_EXERCISE_
The pictures stay out; all of the data is to be printed exactly.

*** DATASET EXTRACT ***

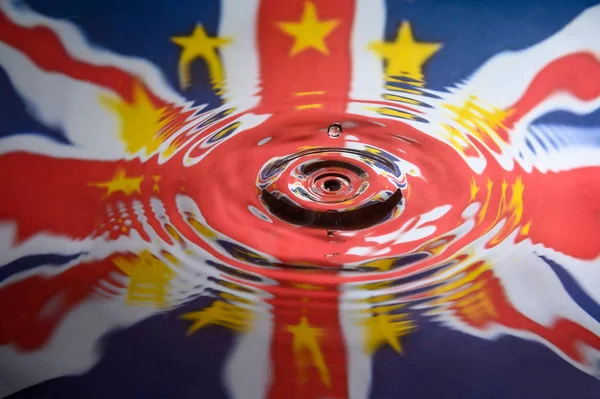 UK Union Jack and the stars of the European Union reflected in a water splash with a single drop of water falling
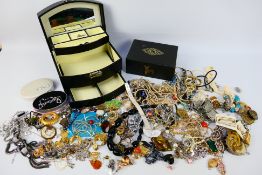 A collection of costume jewellery to include brooches, rings, necklaces,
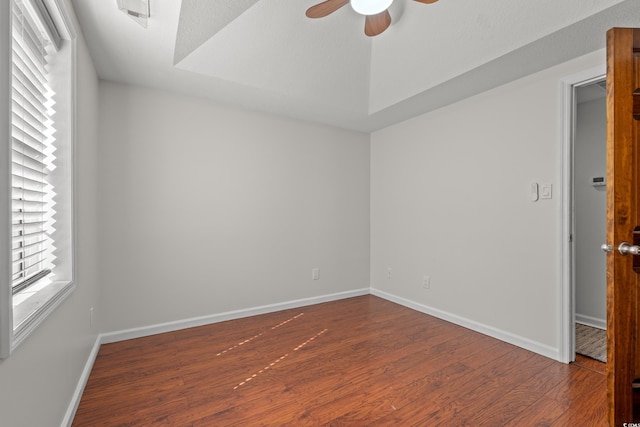unfurnished room featuring baseboards, ceiling fan, and wood finished floors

***

_ANSWER SPACE_
 UK Union Jack and the stars of the European Union reflected in a water splash with a single drop of water falling
 A collection of costume jewellery to include brooches, rings, necklaces,
unfurnished room featuring baseboards, ceiling fan, and wood finished floors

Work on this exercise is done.